Brazil’s military dictatorship murdered or disappeared hundreds of dissidents, and tortured and jailed thousands more. Among those tortured: a Marxist student named Dilma Rousseff, arrested in 1970 and subjected to beatings to her face that distorted her dental ridge, and electrical shocks from car batteries, resulting in the hemorrhaging of her uterus. Today, Rousseff is Brazil's president — and she's not too happy about the NSA tapping her phones.
The junta also murdered one ex-president in a staged car accident in 1976. Another ex-president who allegedly died of a heart attack in 1978 is now believed to have been poisoned.
Once satisfied, Mitrione began teaching human anatomy and the human nervous system to the elite Uruguayan police officials hand-picked by USAID for counter-insurgency training in America.

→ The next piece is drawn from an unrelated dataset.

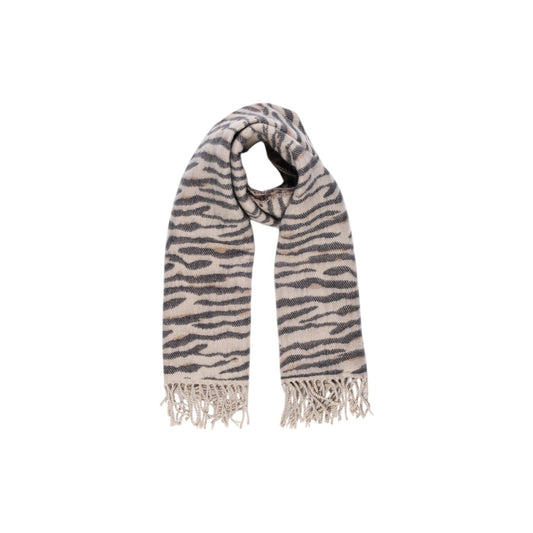Pieces Sjaal Dames Beige #2354694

Then — according to a CIA double-agent secretly working for Cuba, Manuel Hevia, and corroborated by journalist A. J. Langguth — Mitrione began performing gruesome live torture demonstrations on homeless beggars plucked off the streets of Montevideo. Four of Mitrione's human guinea pigs were tortured to death, including one woman — according to Hevia, testing on street beggars was something Mitrione learned to do while training Brazil's police.
...
Mitrione took over the USAID police training program in Uruguay in 1969, and within months, the country was racked by allegations of widespread torture and police abuses. In 1970, Uruguay’s Senate opened an investigation and heard testimony from tortured men and women who’d been subjected to electrocutions, genital mutilation and psychological torture.
...
A few more examples of other USAID police training ventures through the Office of Public Safety:
— The Vietnam War: USAID trained police and ran civilian jails. USAID also participated in the “soft” side of the Phoenix Program — funding the failed “Land to the Tillers” program granting peasants small plots of land, a program that has a poor track record, but serves some important foreign policy/propaganda purpose every time it’s rolled out because it remains one of the most enduring boondoggles in the USAID kit.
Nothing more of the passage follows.